Ce qui fait sens, qui amène une vraie complémentarité et qui justifie l’élargissement aux CGP est d’accompagner sur la partie conseil le particulier et le professionnel sur des problématiques d’ingénierie patrimoniale qui vont au-delà du seul investissement financier.L’engagement client sera alors d’autant plus fort car il reposera sur une relation mutuellement profitable basée sur la confiance.Comme le dit l’adage «Ensemble on va plus loin», mais on est aussi beaucoup plus fort pour adresser un marché où l’on remet le client est au cœur du dispositif.
Il s’agit donc d’une expérimentation visant à trouver une solution qui permette d’offrir en France une solution similaire à celle qui existe en Angleterre avec les alternatives business structures (ABS), ou à Malte, au Pays de Galles, en Espagne avec des fiscalistes ou en Ecosse. Face à une plus grande libéralisation et la dérégulation des marchés du droit en Europe, les instances françaises doivent s’emparer du sujet pour permettre aux professions réglementées d’êtres plus compétitives, ce qui induit l’ouverture des capitaux de manière encadrée, maîtrisée et raisonnée, ces apports pouvant être d’ordre numéraire, en industrie ou technologique, afin d’avoir les ressources nécessaires pour innover, garder ses positions et occuper de nouveaux marchés.

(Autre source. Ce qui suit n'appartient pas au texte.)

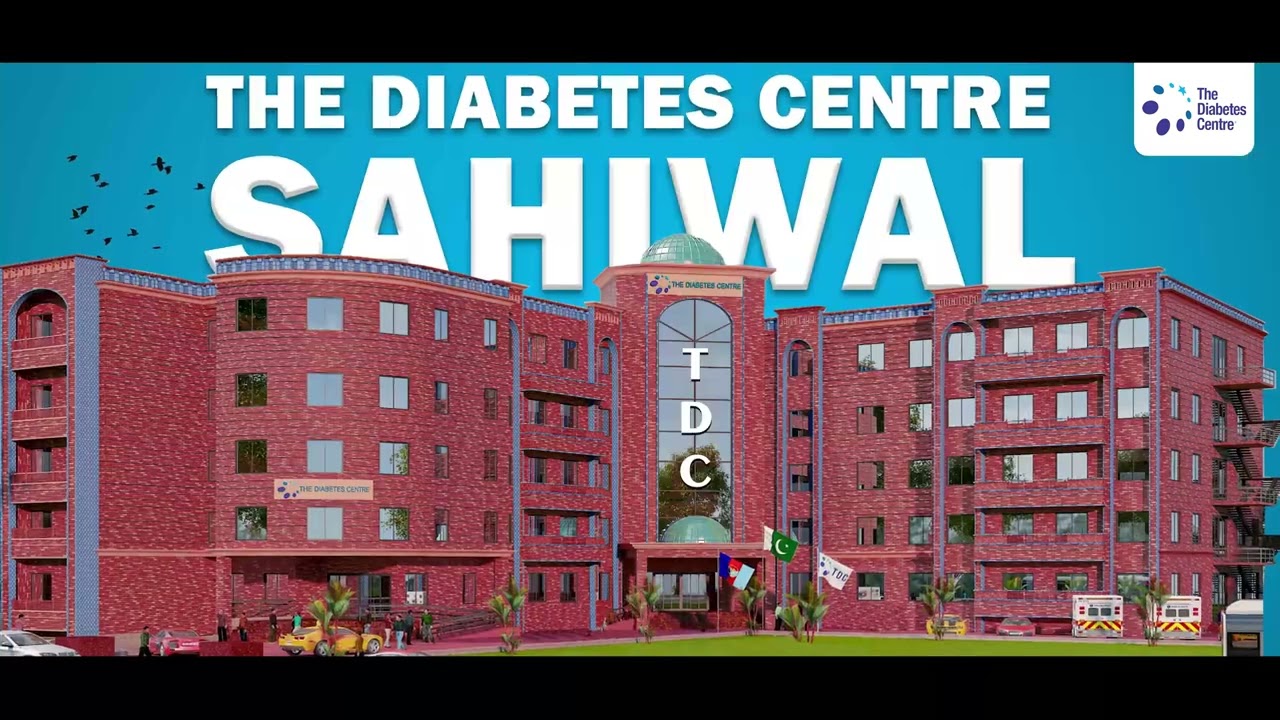 The Diabetes Centre Documentary & Project Appeal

La loi Macron ne représente donc que les prémices de ces structures.
Comment comptez-vous donner naissance, dans le droit français, à votre entreprise numérique du droit?

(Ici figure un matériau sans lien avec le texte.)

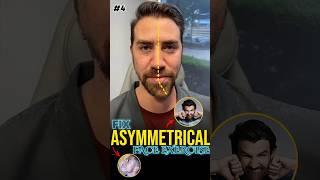 Fix Asymmetrical Face Exercise [upl. by Dylana103]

- Dans le cadre de ce projet d’innovation collaborative, Open Law a pour vocation dans ces programmes de restituer un livrable, que l’on appelle des communs et qui pourront servir à la communauté. De fait, nous allons déjà, s’agissant de la partie interprofessionnalité entre professions réglementées, fournir une contrathèque avec des modèles de créations d’entreprise numérique du droit sous un angle technologique et l’intégration d’outils et de solutions digitales. Nous allons aussi, dans une vision prospective à court terme, réaliser une modélisation ouverte à d’autres professions.L’observatoire du Conseil national des barreaux suit nos travaux, de même que l’incubateur du barreau de Paris; nous irons donc voir ces institutions représentatives des professions du droit et du chiffre avec nos partenaires (Alta-Juris, Eurojuris, SVP, Cabex…), de même que la chancellerie et Bercy, pour faire valoir notre projet, mais aussi surtout pour faire bouger les lignes car, comme disait Peter Drucker, «la meilleure façon de prédire l’avenir, c’est de le créer».
Bien évidemment, cette nécessaire évolution ne pourra se faire que dans le cadre d’un projet commun en concertation avec ces institutions dans une notion d’intelligence collective.